Whole worlds exist beneath the soil and behind the bark. Networks of fine filaments called mycelia digest food, breaking down organic matter. With enough food reserve, the mycelia will produce fruiting bodies, in some cases, mushrooms. Under the right conditions, they push above the soil or bark, mature, and release spores, which develop into new fungi.

“Fungi have been involved in life’s process since the very beginning,” says Rogers. If they hadn’t, nothing would decay, and we’d be surrounded with dead matter, he says. The earliest plants, and the organisms that ate them, needed some early version of fungi to break down the dead matter. Over a billion years ago the fungi followed the plants onto land, aiding them in absorbing nutrients and using them for food.

There’s some evidence that the fungi enabled plants to evolve on land, says Carris. They were present before vascular plants evolved, and may have served as a type of primitive “root” for early land plants.

Fungi evolved in various directions, resulting in an estimated 1.5 million fungal species. Some types live freely in nature and reproduce as mushrooms, like Rogers’s morel. Others are yeasts, molds, mildews, and parasites, including athlete’s foot. They usually attach themselves to their food sources, absorbing nutrients through their cell walls, and excreting enzymes to break down organisms. Some are saprophytic, which means they decompose dead organisms. Others are parasitic, infecting live plants and animals, and harming their hosts. Mycorrhizal fungi attach to the roots of plants, helping them pull nutrients and moisture from the soil. Finally, endophytes help protect plants from other fungi, infections, and predation.

Pathologists and mycologists like Rogers agree there is much more to learn about the biology, safety, and ecology of fungi. What makes them grow when and where they do? What benefits do they provide the plants and other creatures that surround them? What are their life cycles? How are they affected by alterations in the environment, such as logging, fires, pollution, or global climate change?

When it comes to fungi, most of us haven’t wanted to know, says Rogers.

Many peoples, including the French, Italians, Slavs, and Southeast Asians, embrace fungi and use them regularly in food and medicine. Americans, though, have had an uneasy relationship with them. For them they have been associated with mystery, the supernatural, poison, darkness, and decay.

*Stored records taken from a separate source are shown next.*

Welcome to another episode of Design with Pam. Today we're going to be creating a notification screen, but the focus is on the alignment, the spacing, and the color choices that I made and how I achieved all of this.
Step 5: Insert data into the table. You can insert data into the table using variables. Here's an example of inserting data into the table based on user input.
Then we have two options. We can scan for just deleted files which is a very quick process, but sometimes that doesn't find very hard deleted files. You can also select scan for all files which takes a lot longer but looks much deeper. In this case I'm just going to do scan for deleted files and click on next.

“People in the U.S. in general have a certain fear of fungi,” says Rogers. “I think it goes back to our English heritage. We’re more sensitive and suspicious than other cultures.”

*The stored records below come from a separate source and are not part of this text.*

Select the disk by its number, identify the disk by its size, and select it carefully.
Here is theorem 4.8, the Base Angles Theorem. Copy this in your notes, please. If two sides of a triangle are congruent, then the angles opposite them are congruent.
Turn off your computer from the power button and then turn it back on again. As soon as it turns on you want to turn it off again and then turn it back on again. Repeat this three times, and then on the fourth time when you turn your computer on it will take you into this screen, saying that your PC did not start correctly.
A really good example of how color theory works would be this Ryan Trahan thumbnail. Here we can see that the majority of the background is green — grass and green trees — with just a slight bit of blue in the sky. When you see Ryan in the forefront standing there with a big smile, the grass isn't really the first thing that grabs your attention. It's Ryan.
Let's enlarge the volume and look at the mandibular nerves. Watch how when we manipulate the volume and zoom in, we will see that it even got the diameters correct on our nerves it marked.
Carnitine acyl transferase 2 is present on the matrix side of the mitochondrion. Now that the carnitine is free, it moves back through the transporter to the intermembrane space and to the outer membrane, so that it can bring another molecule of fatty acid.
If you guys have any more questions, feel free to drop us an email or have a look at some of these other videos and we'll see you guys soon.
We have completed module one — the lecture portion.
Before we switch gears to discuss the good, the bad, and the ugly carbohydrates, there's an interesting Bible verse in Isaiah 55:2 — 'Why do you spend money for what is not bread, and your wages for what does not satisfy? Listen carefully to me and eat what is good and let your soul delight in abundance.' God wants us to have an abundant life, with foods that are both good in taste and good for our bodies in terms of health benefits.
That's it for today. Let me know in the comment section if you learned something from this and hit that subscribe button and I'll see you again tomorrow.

In Alice’s Adventures in Wonderland, the giant mushroom contains magical powers, one side making Alice shrink, the other making her grow huge. Emily Dickinson referred to the mushroom as nature’s outcast face.

Fear, mostly unfounded, has pushed our palates and our curiosity away from these organisms. But that’s starting to change, especially as we sample the cuisines of other cultures and look to eat locally produced foods. Wander into Pike Place Market and check the corners of the produce stalls, and you’ll find caches of wild mushrooms.

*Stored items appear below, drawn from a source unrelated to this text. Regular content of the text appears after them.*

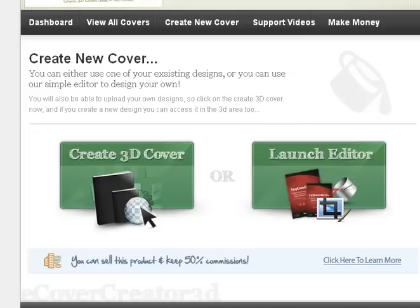Good morning, everyone. It's Jackie Lee from InternetMarketingForMommies.com. Today I'm doing a quick review of eCover Creator 3D, which is the eBook cover software that I use personally and absolutely love. It is so simple, which makes me love it so much.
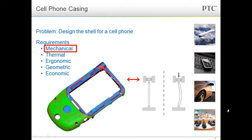For this demo, we will consider a simplified case where the basic shell has already been designed. It has already been approved by the electrical team as it properly houses the electrical hardware. Analysis has already been done on the material properties to show that it can handle and remove the heat generated from the hardware. Ergonomic friendliness has been checked.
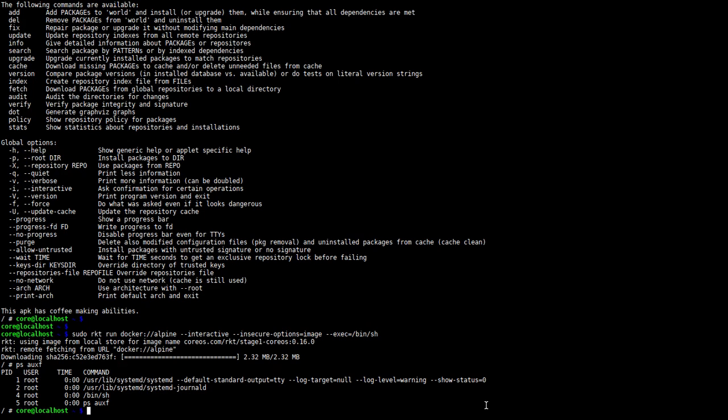And if you'd like more information, feel free to look at the documentation at coreos.com or on our GitHub page, which again is github.com/coreos/rocket. Feel free to reach out to us if you have any questions. We're available at the CoreOS channel on Freenode and also through the Rocket Dev mailing list. Thanks for watching.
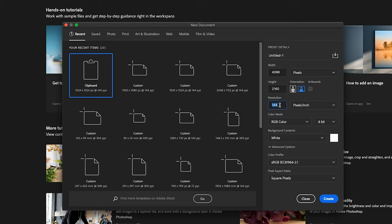I like to use 144 resolution for my screen graphics. Color mode is RGB color because it's for the screen and not print. Once you've got all them input click on create.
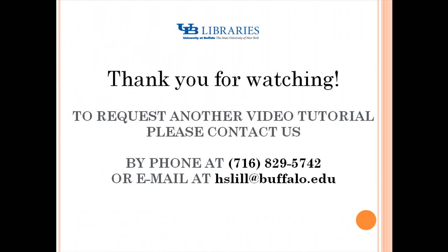Thank you for watching. To request another video tutorial, please contact us by phone at 716-829-5742 or email at hslill at buffalo.edu.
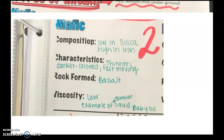The felsic magma or lava makes felsic rock, but that's a topic for another day. Right now, all you need to know is that we have two types of lava or magma. Mafic is the first type — it is very low in silica and high in iron. Because of these different elements, it is thinner, usually darker colored, and it moves really fast. It forms basalt igneous rock. Its viscosity is low — similar to the liquid of baby oil.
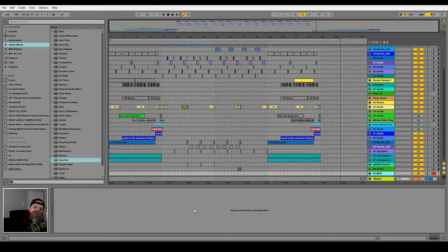Yo, what's up, it's WolfieWolf here with Gravitas Create. I want to show you a quick tutorial on how to make a white noise riser using only Ableton native plugins. So let's get started.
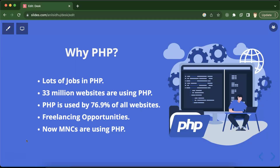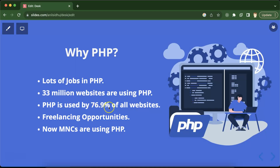There are lots of other programming languages in the market, so the first reason to learn PHP is there are lots of jobs. How can I say that? Because 33 million websites are using PHP nowadays, and in percentage terms, PHP is used by approximately 77% of all websites. That's a huge number, and that's why we can say there are lots of jobs.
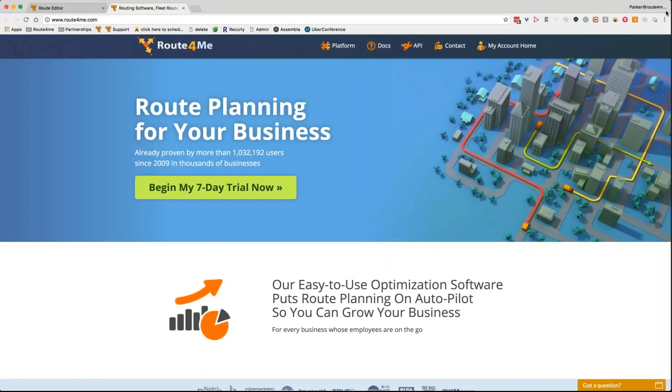Yeah, hi, this is Parker with Route4Me. What do we have on the line? Hi Parker, my name is Steven. Hey Steven, how's it going? It's going well. How are you Parker? I'm good. Yeah, let's jump into it. How can I help?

One Saturday last summer, morels were selling for $30 a pound. Light, firm, a little like a dry sponge, they smelled of earth and forest.

Fungi, like morels, can help a fire-damaged landscape recover. They can also digest pollutants, breaking down such toxins as pesticides, paints, diesel, and tar. They turn tainted soil into fertile material to host future life. In his book, Mycelium Running, mycologist Paul Stamets argues that fungi can rescue habitats, enhance forest health, and make toxins inert. He also points to mushrooms that can be used as antibiotics and agents for treating cancer.

Yet only about 70,000 of 1.5 million species of fungi have been described. And of those, we still have limited information about what makes them grow when and where they do.

Now, with global climate change a major focus for research, fungi are still being overlooked. Most investigations have focused on ecosystem activities in the spring and summer. Events that take place in autumn, including decomposition and decay, are only now being examined, say Rogers and Carris.

But fungi are changing their behavior in response to global warming along with the rest of nature. In a recent article published in Science magazine, scientists in England observed that mushrooms and fungi, across species, are maturing and fruiting earlier and for a longer season. Decomposition, in England’s forests, at least, is taking place more rapidly. Scientists are just now trying to figure out what all this means, says Carris.

As trees and other plants are stressed by changes in climate, they will be more susceptible to fungi and diseases, says Rogers. He expects fungi to be on the rise. In any case, when looking at issues of the environment, it’s high time the fungi were considered, he says.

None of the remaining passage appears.